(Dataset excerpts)
= = =

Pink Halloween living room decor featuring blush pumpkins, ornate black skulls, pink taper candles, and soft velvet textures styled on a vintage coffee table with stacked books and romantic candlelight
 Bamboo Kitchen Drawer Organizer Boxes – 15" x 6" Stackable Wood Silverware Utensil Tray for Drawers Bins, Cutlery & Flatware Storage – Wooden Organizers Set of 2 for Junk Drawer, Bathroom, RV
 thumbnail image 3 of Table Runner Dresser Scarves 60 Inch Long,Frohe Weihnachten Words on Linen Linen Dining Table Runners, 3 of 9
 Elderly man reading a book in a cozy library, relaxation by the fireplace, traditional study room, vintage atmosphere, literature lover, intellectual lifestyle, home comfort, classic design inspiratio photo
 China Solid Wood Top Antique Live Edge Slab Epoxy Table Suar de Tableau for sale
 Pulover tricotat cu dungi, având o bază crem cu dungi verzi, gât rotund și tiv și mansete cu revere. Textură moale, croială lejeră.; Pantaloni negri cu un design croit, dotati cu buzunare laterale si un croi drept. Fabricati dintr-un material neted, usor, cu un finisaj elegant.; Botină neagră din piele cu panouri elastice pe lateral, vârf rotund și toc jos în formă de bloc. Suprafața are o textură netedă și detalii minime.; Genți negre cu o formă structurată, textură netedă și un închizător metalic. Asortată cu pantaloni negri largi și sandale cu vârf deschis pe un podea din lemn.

= = =

__Your objective__.
Above this instruction are the records; retype exactly the lines from the one containing "Bamboo Kitchen Drawer" up to and including the one containing "China Solid Wood".

__Reply to the task__.
 Bamboo Kitchen Drawer Organizer Boxes – 15" x 6" Stackable Wood Silverware Utensil Tray for Drawers Bins, Cutlery & Flatware Storage – Wooden Organizers Set of 2 for Junk Drawer, Bathroom, RV
 thumbnail image 3 of Table Runner Dresser Scarves 60 Inch Long,Frohe Weihnachten Words on Linen Linen Dining Table Runners, 3 of 9
 Elderly man reading a book in a cozy library, relaxation by the fireplace, traditional study room, vintage atmosphere, literature lover, intellectual lifestyle, home comfort, classic design inspiratio photo
 China Solid Wood Top Antique Live Edge Slab Epoxy Table Suar de Tableau for sale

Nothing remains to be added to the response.